Pour autant, Richard Ferrand n'a pas hésité à lancer "un appel, au président de la République et au gouvernement, pour que toutes les conditions de sécurité soient assurées contre les cyberattaques et ingérences dont cette élection présidentielle est la cible afin de garantir le déroulement démocratique normal de l’élection". Le message a visiblement été reçu par l'Elysée, puisque François Hollande a demandé, mercredi 15 février, en Conseil de défense, que des "mesures spécifiques" soient prises pour contrer d'éventuelles cyberattaques à l'élection présidentielle.
Doit-on réellement s'inquiéter d'une éventuelle ingérence russe ? Franceinfo fait le point sur ce que l'on sait.
Les structures informatiques d'En Marche ! victimes des hackers russes ?

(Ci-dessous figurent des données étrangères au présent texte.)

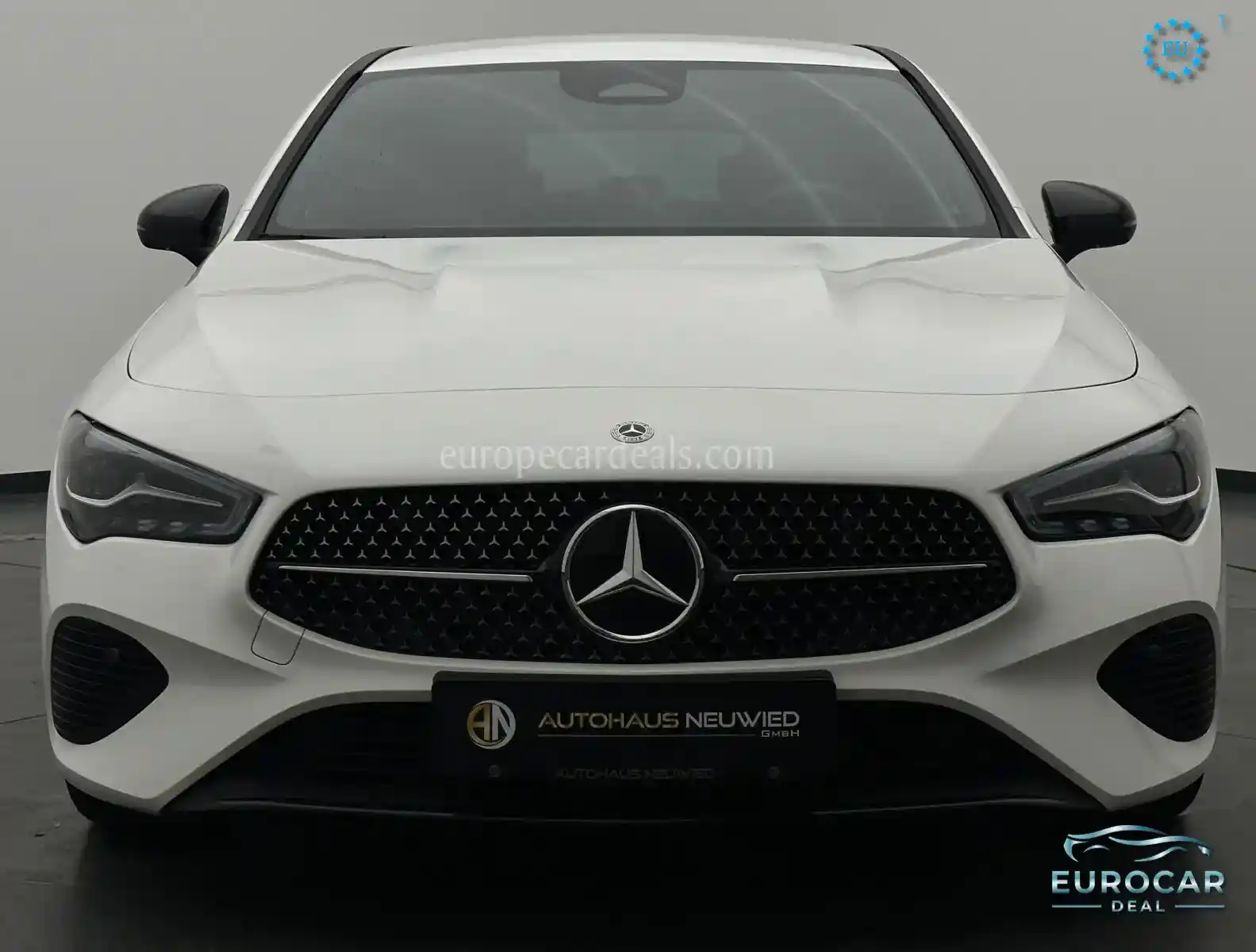 Mercedes-Benz CLA 200 Shooting Brake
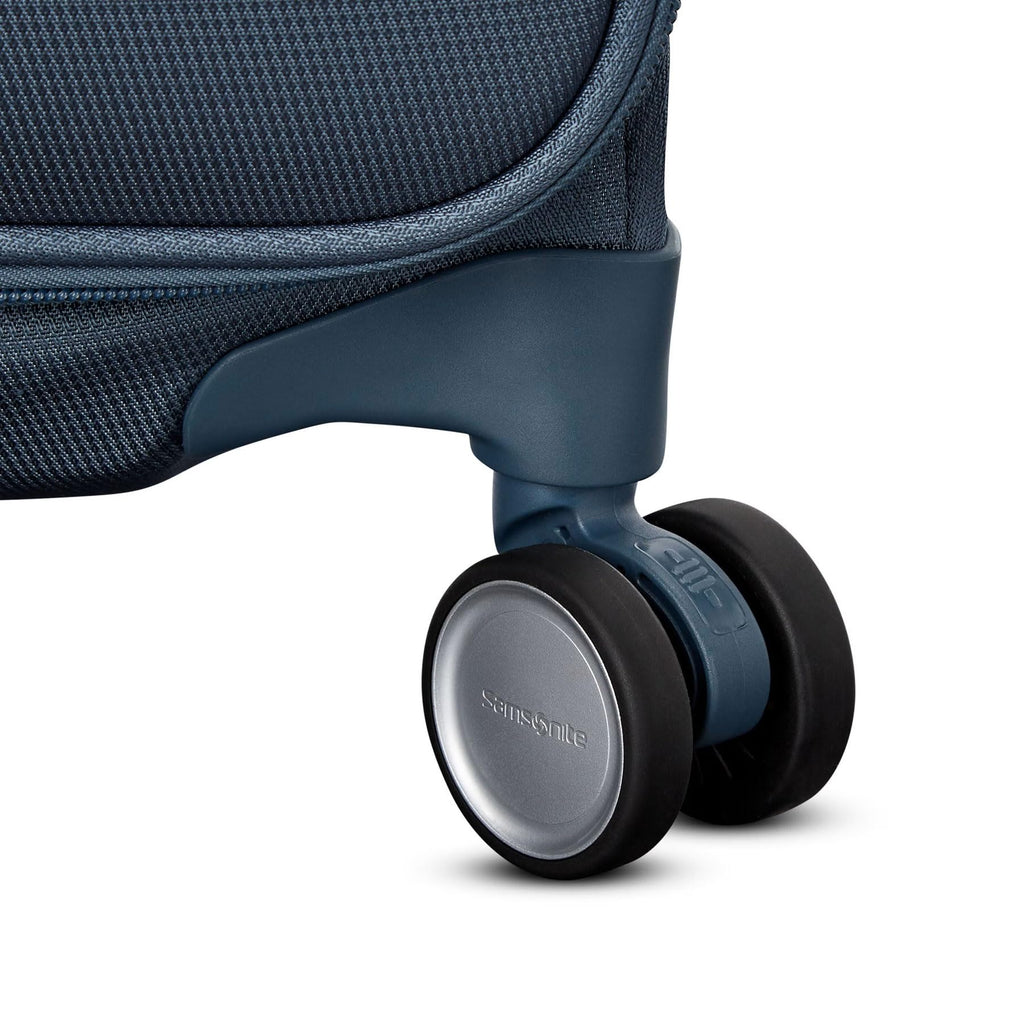 Samsonite UpLIFT Softside Carry-on Spinner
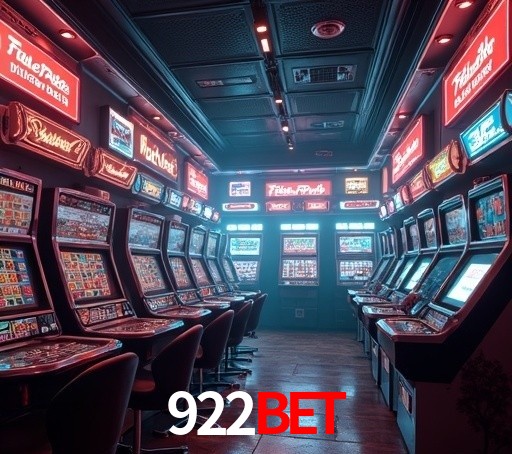Cassino ao Vivo 922BET - Dealers Brasileiros Profissionais
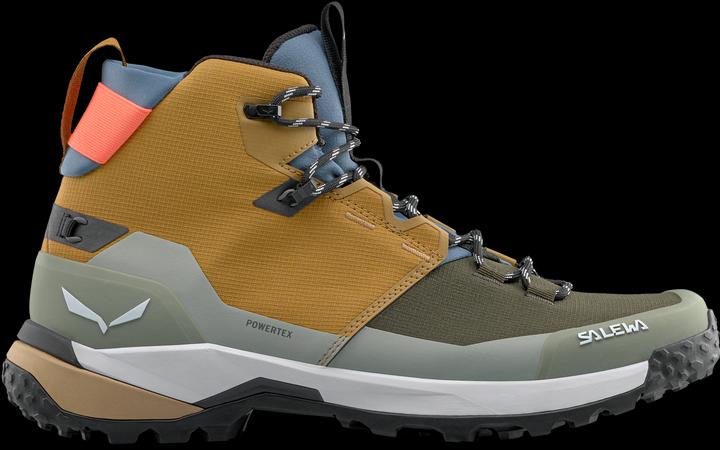 Salewa Puez 2 Mid Ptx M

Ce que dénoncent les équipes de Macron. "Le site internet du mouvement En marche ! et ses infrastructures font l’objet de plusieurs milliers d’attaques mensuelles sous diverses formes. L’objectif est de pénétrer dans nos bases de données et nos boîtes mail afin de les pirater", décrit Richard Ferrand. Toujours selon le secrétaire général du mouvement, ces attaques proviennent pour la moitié d'entre elles d'Ukraine, ce qui indiquerait "qu'elles sont organisées et coordonnées par un groupe structuré, et non par des hackers solitaires".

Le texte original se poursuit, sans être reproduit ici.